Sob essas regras, o processo de eleição interna não é nem o mais correto nem o mais democrático, pois carece de previsibilidade e de igualdade de condições de disputa.
Outros maus exemplos
Diga-se de passagem, “jeitinhos legais” como esse não são exclusividade da Câmara de Guarapari. A de Vila Velha fez algo parecido, elegendo em 1º de junho a Mesa que só vai assumir em 1º de janeiro que vem. Não está certo.

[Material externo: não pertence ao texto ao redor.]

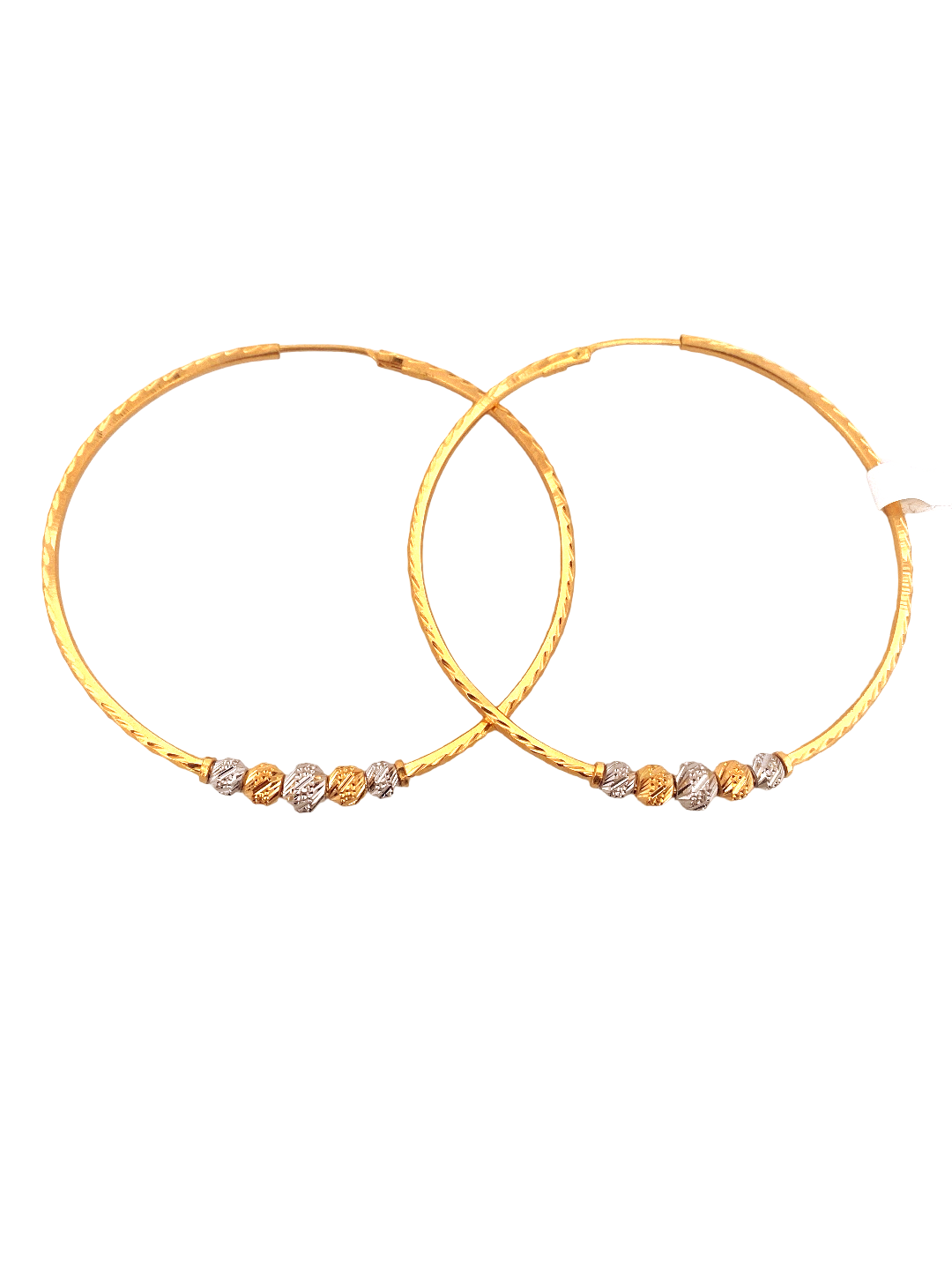 22K Gold Two-tone Designer Hoop Earrings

A de Vitória está prestes a eleger, na 1ª quinzena de agosto, a Mesa que só vai assumir em 1º de janeiro. Não está certo.
Regras norteadoras
O mais justo e aconselhável neste caso é, em vez de inventar, “fazer o básico” – ou “jogar simples”, como se diz no futebol. Basta reproduzir em nível local as regras das eleições da Mesa Diretora da Câmara dos Deputados e do Senado Federal, que deveriam servir como balizas: para eleger a Mesa que comandará a Casa no 2º biênio da legislatura, votação na primeira sessão do 2º biênio da legislatura. Simples assim.
É só seguir o exemplo (neste caso, positivo) vindo do Congresso Nacional. E pronto, fim de papo.
Sem jeitinhos, invencionices nem extravagâncias jurídicas.
Explicação política
Como na prática o recuo da Câmara de Guarapari não altera tanto assim as coisas, é possível que os vereadores tenham decidido fazer esse “recuo estratégico” como uma medida preventiva, antecipando-se a uma ação judicial que a OAB-ES poderia mover, questionando a constitucionalidade daquela emenda de 6 de abril que permitiu que a eleição fosse realizada daquele modo.
Agindo preventivamente e cancelando a eleição por vontade própria, os edis se livram do risco e do ônus político de eventualmente, daqui a alguns meses, verem a eleição anulada de qualquer maneira, mas por força de decisão judicial. E agora ficam livres para realizar a eleição novamente, em qualquer data do 2º semestre.
Palavras do presidente
Pré-candidato a deputado estadual pelo PTB, o presidente da Câmara de Guarapari, Wendel Lima – principal beneficiário da antecipação e principal mentor do recuo –, explicitou as suas razões. Segundo ele, “a qualquer momento”, a OAB-ES ingressaria na Justiça com uma ação de inconstitucionalidade da emenda de 6 de abril:
“Quero dizer que nós tivemos dois questionamentos e nenhum deles me fez tomar essa decisão que nós acabamos de tomar em coletividade. Uma foi uma denúncia do Ministério Público, que quem fez essa denúncia perdeu. O Ministério Público arquivou essa denúncia. Deu improcedente a denúncia feita pelo presidente do PDT, porque o entendimento é que é a uma matéria interna corporis. Depois, a Ordem dos Advogados, em um movimento de um determinado advogado da cidade, não sei levantando a bandeira de qual lado político, foi e fez um movimento na Ordem. E fui numa reunião na Ordem e lá foi salientado que, a qualquer momento, entraria também esse pedido de inconstitucionalidade.”
Ele explicou, ainda, por que preferiu não litigar na Justiça:
“Podia brigar por essa constitucionalidade? Podia, sim. Até porque eu gosto de desafios. Mas eu acho que a democracia vale no voto. Então, se eu tiver a adesão da maioria dos colegas, numa próxima oportunidade, se lá eu estiver com meu nome à disposição, eu vou lutar para conseguir êxito no processo. E assim eu sempre fiz. Nunca me acovardei a nada. Sempre coloquei minha cara na reta.”.